В противоположность повествователю рассказчик находится не на границе вымышленного мира с действительностью автора и читателя, а целиком внутри изображенной реальности. Все основ­ные моменты «события самого рассказывания» в этом случае стано­вятся предметом изображения, «фактами» вымышленной действи­тельности: «обрамляющая» ситуация рассказывания (в новеллисти­ческой традиции и ориентированной на нее прозе XIX-XX вв.); личность повествующего: он либо связан биографически с персо­нажами, о которых ведет рассказ (литератор в «Униженных и ос­корбленных», хроникер в «Бесах» Ф.М. Достоевского), либо во всяком случае имеет особый, отнюдь не всеобъемлющий, кругозор; специ­фическая речевая манера, прикрепленная к персонажу или изобра­жаемая сама по себе («Повесть о том, как поссорились Иван Ивано­вич с Иваном Никифоровичем» Н.В. Гоголя). Если повествователя внутри изображенного мира никто не видит и не предполагает возможности его существо­вания, то рассказчик непременно входит в кругозор либо повествователя, либо пер­сонажей – слушателей (Иван Васильевич в рассказе «После бала» Л.Н. олстого).

Образ рассказчика - как характер или как «языковое лицо» (М.М. Бах­тин) – необходимый отличительный признак этого типа изображаю­щего субъекта, включение же в поле изображения обстоятельств рассказывания факультативно. Например, в пушкинском «Выстре­ле» – три рассказчика, но показаны только две ситуации рассказы­вания. Если же подобная роль поручается персонажу, рассказ кото­рого не носит никаких признаков ни его кругозора, ни его речевой манеры (история Павла Петровича Кирсанова в «Отцах и детях», приписанная Аркадию), это воспринимается как условный прием. Его цель – снять с автора ответственность за достоверность рассказанного. На самом деле субъект изображения и в этой части романа Тургенева – повествователь.

Итак, рассказчик – субъект изображения, достаточно объекти­вированный и связанный с определенной социально-культурной и языковой средой, с позиций которой (как происходит в том же «Выстреле») он и изображает других персонажей. Повествователь, напротив, по своему кругозору близок автору-творцу. В то же время по сравнению с героями он – носитель более нейтральной речевой стихии, общепринятых языковых и стилистических норм. Так отли­чается, например, речь повествователя от рассказа Мармеладова в «Преступлении и наказании». Чем ближе герой автору, тем меньше речевых различий между героем и повествователем. Поэтому ведущие персонажи большой эпики, как правило, не бывают субъектами стилистически резко выделяемых рассказов.
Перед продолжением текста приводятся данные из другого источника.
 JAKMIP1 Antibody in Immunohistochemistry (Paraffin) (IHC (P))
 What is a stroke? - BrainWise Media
«Посредничество» повествователя помогает читателю прежде всего получить более достоверное и объективное представление о событиях и поступках, а также и о внутренней жизни персонажей. «Посредничество» рассказчика позволяет войти внутрь изображенного мира и взглянуть на события глазами персонажей. Первое связано с определенными преимуществами внешней точки зрения. И наоборот, произведения, стремящиеся непосредственно приобщить читателя к восприятию событий персонажем, обходятся вовсе или почти без повествователя, используя формы дневника, переписки, исповеди («Бедные люди» Ф.М. Достоевского, «Письма Эрнеста и Доравры» Ф. Эмина). Третий, промежуточный вариант – когда автор-творец стремится уравновесить внешнюю и внутреннюю позиции. В таких случаях образ рассказчика и его рассказ могут оказаться «мостиком» или соединительным звеном: так обстоит дело в «Герое нашего времени» М.Ю.Лермонтова, где рассказ Максима Максимыча связывает «путевые записки» Автора-персонажа с «журналом» Печорина.
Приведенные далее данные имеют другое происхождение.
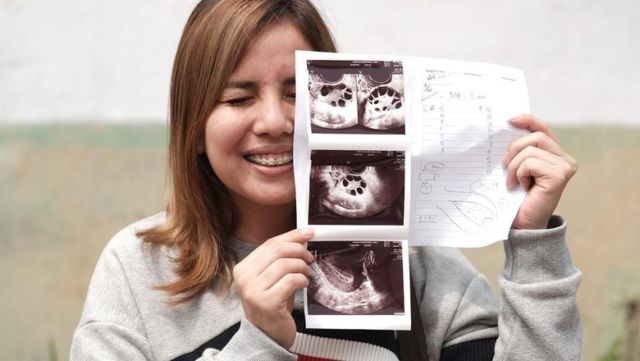 Dear Mama, Ingin Hamil Anak Perempuan? 6 Trik Jitu Ini Layak Dicoba Bersama Suami Tercinta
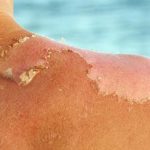 هشدار جدی: سولاریوم و برنزه کردن پوست، افزایش سه برابری خطر مرگبارترین سرطان پوست هشدار جدی: سولاریوم و برنزه کردن پوست، افزایش سه برابری خطر مرگبارترین سرطان پوست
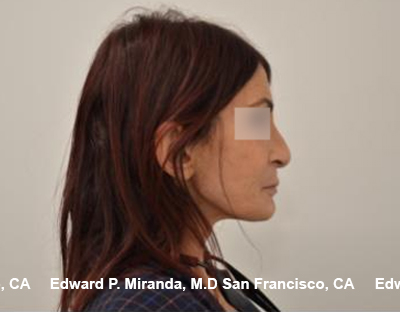 Rhinoplasty Before & After Image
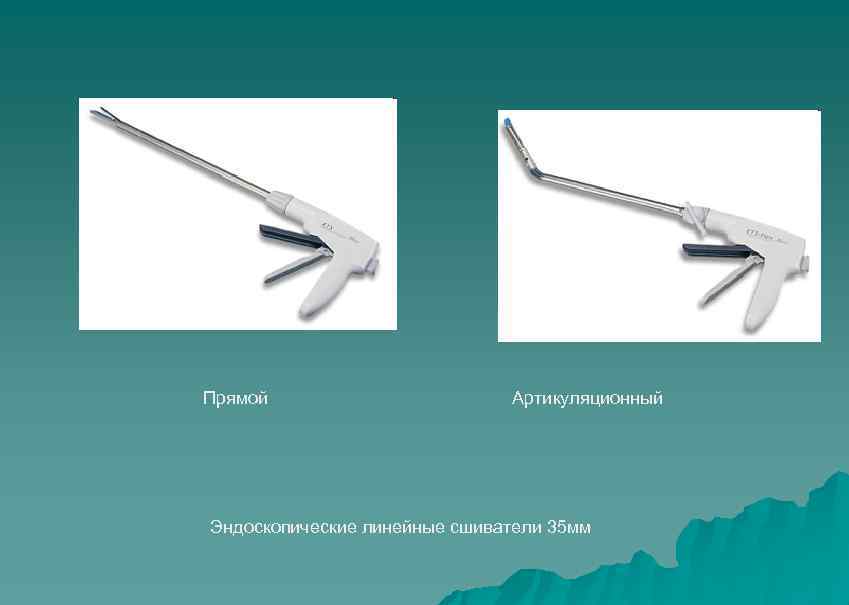 Прямой Артикуляционный Эндоскопические линейные сшиватели 35 мм 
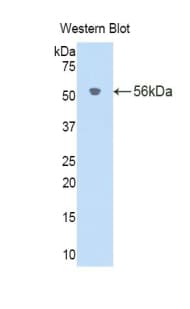 IL18BP Antibody (aa29-193)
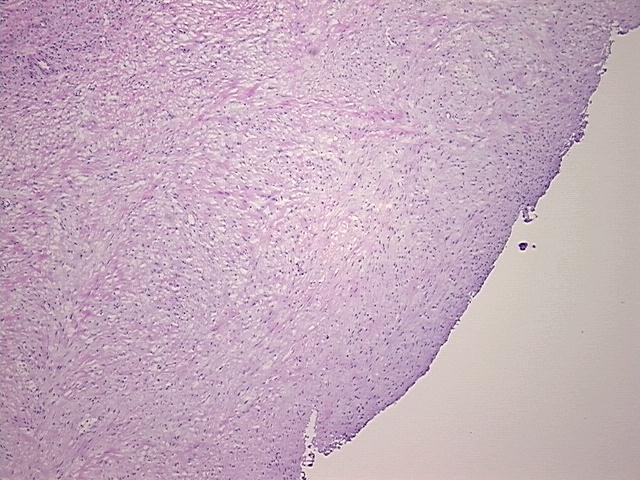4x Image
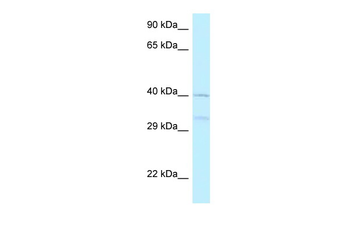 AZI2 Rabbit Polyclonal Antibody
Итак, в широком смысле (то есть без учета различий между композиционными формами речи) повествование – совокупность тех высказываний речевых субъектов (повествователя, рассказчика, образа автора), которые осуществляют функции «посредничества» между изображенным миром и читателем – адресатом всего произведения как единого художественного высказывания.

Если в литературном произведении повествование ведется от первого лица, это не значит, что рассказчиком является сам автор. Образ рассказчика – авторский вымысел для реализации пределенной авторской цели, и его роль в художественной организации текста не менее важна, чем само действие, о котором повествует автор.

Определение

Рассказчик – вымышленный персонаж, от имени которого ведется повествование о судьбе героев или о событиях, составляющих содержание литературного произведения.

Сравнение

Персонажи всегда получают прямую или косвенную авторскую оценку, важную для раскрытия идейного содержания произведения. В некоторых жанрах для этой цели вводится рассказчик – лицо, условно наделенное собственным суждением о событиях и героях, вокруг которых разворачивается сюжетное действие.

Образ рассказчика нейтрален. Читатель почти ничего не узнает о его характере, образе мыслей, судьбе. Рассказчик интересен только тем, что от его имени ведется повествование. Со слов рассказчика мы узнаем о привычках и странностях Печорина в романе М.Ю. Лермонтова «Герой нашего времени»; пушкинский цикл «Повестей Белкина» тоже передан вымышленным рассказчиком.

Повествование от первого лица – распространенный прием в европейской литературе XVIII – XIX веков. Рассказчику редко отводилась роль бесстрастного наблюдателя за событиями и хронолога: в его уста вкладывалась портретная характеристика главных героев произведения, оценка их поступков, прогнозы и предупреждения о последствиях необдуманных действий.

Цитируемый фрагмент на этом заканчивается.